Je me souviens en effet, lors de ma visite au palais d’Atlas, avoir vu une planète beaucoup plus évoluée que la nôtre et d’où les mâles avaient disparu.
Mata Hari semble très intéressée.
— Biologiquement peut-être. Mais culturellement c’est le contraire. J’ai lu qu’en Asie, les familles profitaient des échographies qui leur permettaient de connaître le sexe de l’enfant avant sa naissance pour avorter lorsque c’était une fille. Du coup, les nouvelles générations sont majoritairement masculines.
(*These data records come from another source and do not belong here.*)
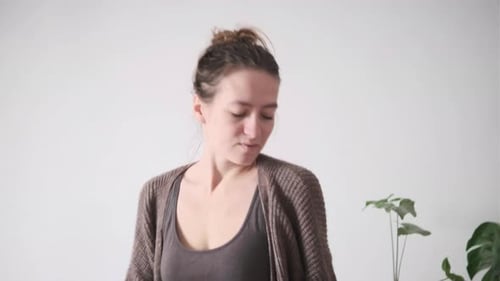 Young Woman Dancing Joyfully Indoors By a Plant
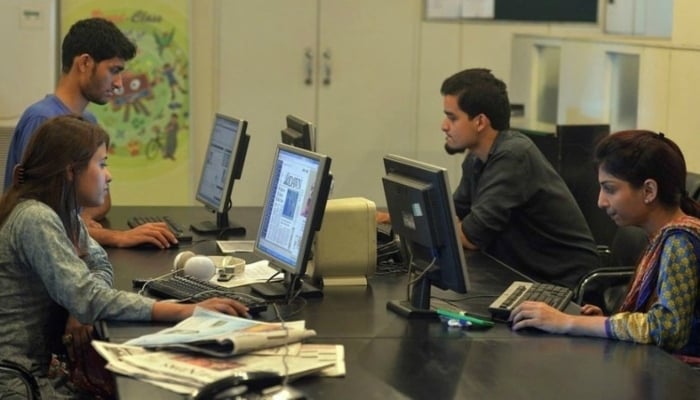 Staff work on their computers at an office in Islamabad on July 26, 2016. — AFP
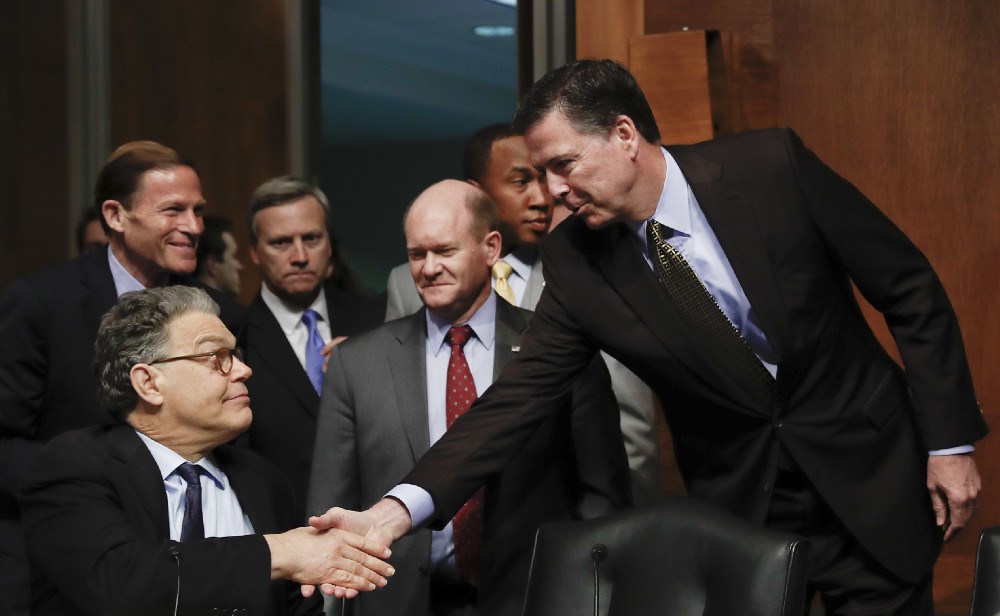 FBI Director James Comey shakes hands with Senate Judiciary Committee member Sen. Al Franken (D-MN) on May 3. CREDIT: AP Photo/Carolyn Kaster
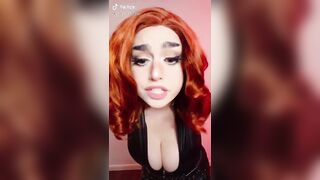 Busty Black Widow cosplay from Haunted Hostess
— La biologie est plus forte que tous les systèmes artificiels inventés par les hommes.
Et pour couper court au débat je déclare :
— Un jour, il n’y aura plus que des femmes sur terre, et les hommes seront une légende.
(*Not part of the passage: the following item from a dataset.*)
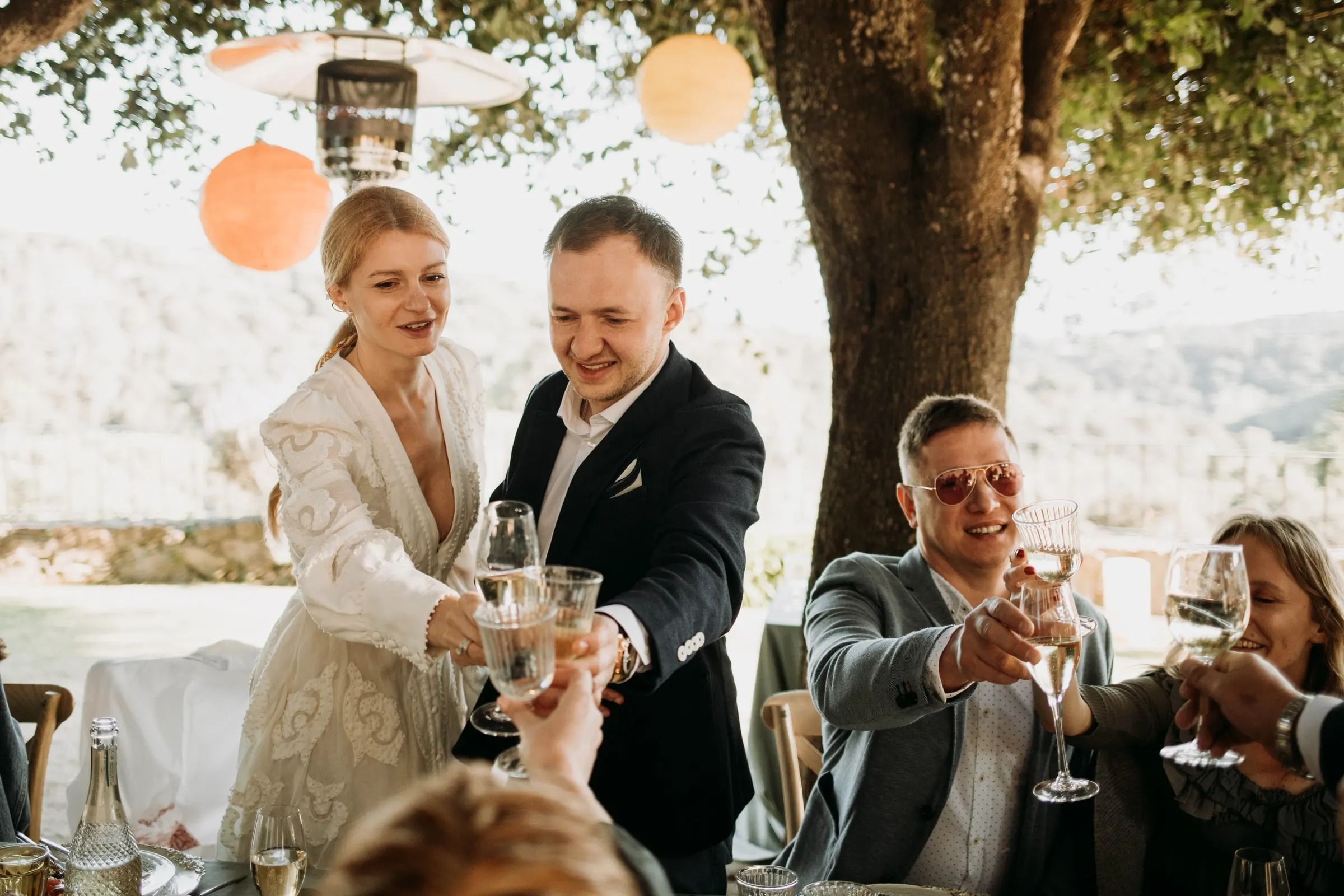 Los novios brindan con los invitados de pie alrededor de la mesa en una masía de Girona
Cette phrase la laisse songeuse.
— C’est possible ?
— Chez les fourmis il n’existe pratiquement que des femelles et des asexuées. Et c’est une espèce bien plus ancienne que la nôtre. Elles sont sur Terre 1 depuis 100 millions d’années alors que les premiers primates ne sont apparus que depuis 3 millions d’années. C’est cette solution qu’elles ont trouvée. L’avenir féminin. Uniquement féminin.
Mata Hari se retourne et m’embrasse goulûment.
— Que Dieu t’entende. Demain, c’est jour de relâche, énonce-t-elle après un moment de silence. Mais après, le jeu deviendra plus difficile. Il y a maintenant de grands empires. Raoul et ses aigles, Georges Méliès et ses termites, mais aussi Gustave Eiffel et ses tigres. On dirait que nous sommes entrés dans une spirale où les gagnants vont être de plus en plus gagnants et les perdants de plus en plus perdants.
Là-dessus elle se plaque en cuillère contre moi et nous nous endormons.
Je rêve que je fais encore l’amour avec Mata Hari lorsqu’un bruit me réveille.
Aphrodite est là. Elle me fixe d’un regard dur qui modifie son visage. Puis elle s’en va.
J’hésite à la poursuivre. Je renonce. J’essaie de me rendormir, n’y arrive pas, alors je me lève et vais dans le jardin. Aphrodite est encore là, au loin, à me scruter.
Depuis combien de temps me surveille-t-elle ainsi ? À-t-elle assisté à nos ébats ? À-t-elle écouté notre conversation ? Je veux aller vers elle, mais elle déguerpit. Je la poursuis. Elle disparaît.
Je rentre, me glisse contre Mata Hari et me rendors enfin.